1. Introduction
Hydropower is the largest renewable electricity source in the world today. The hydropower fleet is considered quite old, where about 40% of the global fleet is 40 years old or older [
1]. The increasing installation of solar power and wind power capacity is creating new challenges for the hydropower fleet. One is intermittency, which makes the produced power output dependent on meteorological conditions [
2]. Some of this intermittency can be taken up by hydropower production [
3]. Therefore, balancing electricity sources such as hydropower will become more critical in the future [
4]. Consequently, hydropower’s ability to ramp production up and down will likely be utilized more frequently. The impact on the plant’s service life is currently unknown, but it may lead to increased maintenance efforts.

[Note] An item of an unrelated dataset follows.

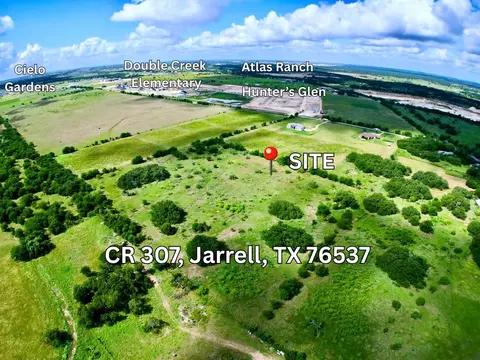 tbd Cr 307, Jarrell, TX 76537
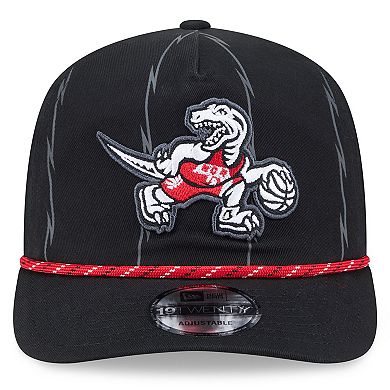 Men's New Era Black Toronto Raptors 2025/26 City Edition 19TWENTY Adjustable Hat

Kaplan turbines are often used in low-head hydropower applications and have adjustable runner blades, which allow for high efficiency across a wide operating range. According to the industry, some Kaplan turbines have suffered from increasing friction in their runner blade bearings located in the Kaplan hub. Some increase in friction may occur during the turbine’s lifespan without being considered to be a problem. However, there are more worrying scenarios in which the industry has installed new bearings in the turbines and the friction has increased severely over only a few years. These faults have been connected to water-lubricated bearings and are most likely connected to the design of the bearing. Eventually, this can lead to such high friction forces that the hydraulic regulation system cannot move the runner blades. This can lead to problems such that the producers can only run the turbines at fixed power outputs, which affects the flexibility and may cause a loss in revenue. To change or fix issues with the bearings, the whole runner must be lifted out of the plant, which is an expensive and time-consuming task that requires extensive planning. The industry, therefore, wants early detection of changes in friction behavior to enable better operation of the turbine to extend runner blade bearings’ service life and better planning of maintenance so it can be performed when the electricity demands are low. Today, it is rare to have sensors close to these bearings that could be used to monitor changing friction levels. Methods that could detect anomalous friction levels in these bearings from other already monitored features are, therefore, of great interest to the industry, which is why research on condition monitoring (CM) models aiming to detect anomalous friction levels in these bearings is essential.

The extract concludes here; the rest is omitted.